In the "config" directory, create the configuration file of the controller (controller.cfg). As an example, we can specify the following commonly used parameters in controller.cfg. Only the parameter "localSite" is mandatory. All other parameters are optional.

localSite=192.168.1.103:8920:ctl8920
localExecutors=3
maxConnections=512
maxMemSize=16
webWorkerNum=4
workerNum=4
dfsReplicationFactor=1
dfsReplicaReliabilityLevel=0
dataSync=1
Parameter Configuration Explanation
localSite=192.168.1.103:8920:ctl8920 Host address, port number, and alias of the local node. The host address is the LAN IP. All fields are mandatory.
localExecutors=3 The number of local executors. The default value is the number of cores of the CPU - 1.
maxConnections=512 The maximum number of inward connections.
maxMemSize=16 The maximum memory (in terms of GB) allocated to DolphinDB. If set to 0, it means no limit on memory usage.
webWorkerNum=4 The size of the worker pool to process HTTP requests. The default value is 1.
workerNum=4 The size of the worker pool for regular interactive jobs. The default value is the number of cores of the CPU.
dfsReplicationFactor=1 The number of replicas for each table partition or file block. The default value is 2.
dfsReplicaReliabilityLevel=0 Whether multiple replicas can reside on the same server. 0: Yes; 1: No. The default value is 0.
dataSync=1 Force synchronize the redo log, data and metadata to disk when the database is updated. The parameter chunkCacheEngineMemSize in the cluster.cfg must also be specified at the same time.

3.1.2 Cluster Nodes File

In "config" directory, create the file cluster.nodes to store information about agent nodes, compute nodes, and data nodes. This file has two columns: "localSite" and "mode". The parameter "localSite" contains the node IP address, port number and node alias, separated by a colon ":". Node aliases are case sensitive and must be unique in a cluster. The parameter "mode" specifies the node type. This tutorial uses 1 agent node and 4 data nodes.

localSite,mode
192.168.1.103:8910:agent,agent
192.168.1.103:8921:DFS_NODE1,datanode
192.168.1.103:8922:DFS_NODE2,datanode
192.168.1.103:8923:DFS_NODE3,datanode
192.168.1.103:8924:DFS_NODE4,datanode

3.1.3 Data Nodes Configuration File

In "config" directory, create the configuration file for the data nodes (cluster.cfg). The configuration parameters in this file apply to each data node and compute node in the cluster. For more information about the parameters, see the user manual.

maxConnections=512
maxMemSize=32
workerNum=8
localExecutors=7
webWorkerNum=2

3.2 Agent Configuration

In "config" directory, create the configuration file of the agent (agent.cfg). The following is an example of agent.cfg. Of the configuration parameters in agent.cfg, Only "LocalSite" and "controllerSite" are mandatory in agent.cfg. All others are optional.

workerNum=3
localExecutors=2
maxMemSize=4
localSite=192.168.1.103:8910:agent
controllerSite=192.168.1.103:8920:ctl8920

Parameter "localSite" in controller.cfg should have the same value as parameter "controllerSite" of agent.cfg for all agents, as agent nodes looks for the controller at the address specified by parameter "controllerSite" in agent.cfg. If "localSite" in controller.cfg is changed (even if just an alias change), "controllerSite" in agent.cfg of all agents must be changed accordingly.

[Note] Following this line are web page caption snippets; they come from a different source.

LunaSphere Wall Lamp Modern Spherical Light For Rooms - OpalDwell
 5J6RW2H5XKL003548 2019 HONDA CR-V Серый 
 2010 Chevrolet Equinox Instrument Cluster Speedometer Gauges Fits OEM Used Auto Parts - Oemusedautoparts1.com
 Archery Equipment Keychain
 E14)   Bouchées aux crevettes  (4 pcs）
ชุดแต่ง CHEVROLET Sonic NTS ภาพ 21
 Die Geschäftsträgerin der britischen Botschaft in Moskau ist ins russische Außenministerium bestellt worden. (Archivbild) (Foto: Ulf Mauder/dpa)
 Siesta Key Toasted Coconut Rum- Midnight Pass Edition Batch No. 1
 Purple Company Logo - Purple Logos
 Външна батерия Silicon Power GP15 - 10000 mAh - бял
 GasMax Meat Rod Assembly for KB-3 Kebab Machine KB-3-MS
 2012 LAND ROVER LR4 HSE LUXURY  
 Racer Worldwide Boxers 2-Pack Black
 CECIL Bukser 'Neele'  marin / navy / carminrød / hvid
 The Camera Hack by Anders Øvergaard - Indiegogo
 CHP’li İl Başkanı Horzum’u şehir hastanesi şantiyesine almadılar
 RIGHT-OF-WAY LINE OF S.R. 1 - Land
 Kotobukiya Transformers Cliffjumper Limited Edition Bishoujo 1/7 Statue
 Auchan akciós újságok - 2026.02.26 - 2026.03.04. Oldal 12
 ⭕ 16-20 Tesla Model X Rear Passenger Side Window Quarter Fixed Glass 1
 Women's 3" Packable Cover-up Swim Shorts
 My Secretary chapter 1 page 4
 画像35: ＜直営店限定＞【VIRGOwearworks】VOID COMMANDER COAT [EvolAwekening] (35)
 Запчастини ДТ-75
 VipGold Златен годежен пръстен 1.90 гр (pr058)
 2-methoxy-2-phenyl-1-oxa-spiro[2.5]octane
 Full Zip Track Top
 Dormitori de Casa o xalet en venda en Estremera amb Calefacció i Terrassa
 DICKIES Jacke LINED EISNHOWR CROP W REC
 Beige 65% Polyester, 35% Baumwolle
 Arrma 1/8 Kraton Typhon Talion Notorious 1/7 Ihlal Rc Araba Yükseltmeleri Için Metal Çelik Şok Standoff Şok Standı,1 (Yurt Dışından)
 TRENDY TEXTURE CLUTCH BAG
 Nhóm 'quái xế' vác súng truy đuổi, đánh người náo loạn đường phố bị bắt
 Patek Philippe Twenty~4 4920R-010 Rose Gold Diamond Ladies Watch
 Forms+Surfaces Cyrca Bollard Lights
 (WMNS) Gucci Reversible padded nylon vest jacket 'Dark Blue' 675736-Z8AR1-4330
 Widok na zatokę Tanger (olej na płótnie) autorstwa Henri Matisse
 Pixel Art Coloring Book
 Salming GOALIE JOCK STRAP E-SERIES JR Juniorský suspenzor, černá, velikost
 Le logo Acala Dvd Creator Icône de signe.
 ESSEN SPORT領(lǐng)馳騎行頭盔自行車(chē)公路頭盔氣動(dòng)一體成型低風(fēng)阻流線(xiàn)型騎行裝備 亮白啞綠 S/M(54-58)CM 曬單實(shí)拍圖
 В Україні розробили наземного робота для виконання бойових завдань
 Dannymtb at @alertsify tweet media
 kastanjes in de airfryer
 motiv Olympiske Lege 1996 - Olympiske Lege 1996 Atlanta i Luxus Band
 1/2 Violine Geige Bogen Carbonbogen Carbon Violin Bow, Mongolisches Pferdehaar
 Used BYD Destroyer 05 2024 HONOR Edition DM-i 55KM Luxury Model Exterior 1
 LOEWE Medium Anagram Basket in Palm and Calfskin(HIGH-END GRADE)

3.3. Start DolphinDB Cluster

3.3.1 Start Agent

Run the command line described below in the directory where the DolphinDB executable is located. If you haven't changed the directory of the DolphinDB executable, it is located in "server" directory. The file agent.log is located in "log" subdirectory. If the agent fails to start properly, open this log file to find more information about the error.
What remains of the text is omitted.